[Short text fragments from websites]
|---|
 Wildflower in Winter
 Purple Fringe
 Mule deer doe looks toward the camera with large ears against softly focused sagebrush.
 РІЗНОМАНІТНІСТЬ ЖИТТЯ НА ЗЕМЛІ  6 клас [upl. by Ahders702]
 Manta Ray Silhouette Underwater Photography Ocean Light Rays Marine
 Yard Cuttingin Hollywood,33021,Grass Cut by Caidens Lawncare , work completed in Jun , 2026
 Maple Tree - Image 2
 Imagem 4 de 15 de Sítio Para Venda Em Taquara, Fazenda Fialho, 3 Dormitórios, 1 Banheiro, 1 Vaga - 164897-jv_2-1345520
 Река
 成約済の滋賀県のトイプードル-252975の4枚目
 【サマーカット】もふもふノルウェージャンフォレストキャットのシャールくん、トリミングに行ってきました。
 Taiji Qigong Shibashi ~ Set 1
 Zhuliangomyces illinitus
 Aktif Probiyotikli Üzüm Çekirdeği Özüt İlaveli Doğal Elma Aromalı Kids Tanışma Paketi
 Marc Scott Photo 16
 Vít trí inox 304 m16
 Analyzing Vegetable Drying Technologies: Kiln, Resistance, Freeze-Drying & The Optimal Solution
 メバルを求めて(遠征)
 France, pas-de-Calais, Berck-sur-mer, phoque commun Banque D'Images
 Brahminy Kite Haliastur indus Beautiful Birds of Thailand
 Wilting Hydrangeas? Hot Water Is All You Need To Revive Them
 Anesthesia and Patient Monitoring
|---|
Write every entry out again. Leave each one exactly as it is.

**OUTPUT FOR THIS EXERCISE**.
 Wildflower in Winter
 Purple Fringe
 Mule deer doe looks toward the camera with large ears against softly focused sagebrush.
 РІЗНОМАНІТНІСТЬ ЖИТТЯ НА ЗЕМЛІ  6 клас [upl. by Ahders702]
 Manta Ray Silhouette Underwater Photography Ocean Light Rays Marine
 Yard Cuttingin Hollywood,33021,Grass Cut by Caidens Lawncare , work completed in Jun , 2026
 Maple Tree - Image 2
 Imagem 4 de 15 de Sítio Para Venda Em Taquara, Fazenda Fialho, 3 Dormitórios, 1 Banheiro, 1 Vaga - 164897-jv_2-1345520
 Река
 成約済の滋賀県のトイプードル-252975の4枚目
 【サマーカット】もふもふノルウェージャンフォレストキャットのシャールくん、トリミングに行ってきました。
 Taiji Qigong Shibashi ~ Set 1
 Zhuliangomyces illinitus
 Aktif Probiyotikli Üzüm Çekirdeği Özüt İlaveli Doğal Elma Aromalı Kids Tanışma Paketi
 Marc Scott Photo 16
 Vít trí inox 304 m16
 Analyzing Vegetable Drying Technologies: Kiln, Resistance, Freeze-Drying & The Optimal Solution
 メバルを求めて(遠征)
 France, pas-de-Calais, Berck-sur-mer, phoque commun Banque D'Images
 Brahminy Kite Haliastur indus Beautiful Birds of Thailand
 Wilting Hydrangeas? Hot Water Is All You Need To Revive Them
 Anesthesia and Patient Monitoring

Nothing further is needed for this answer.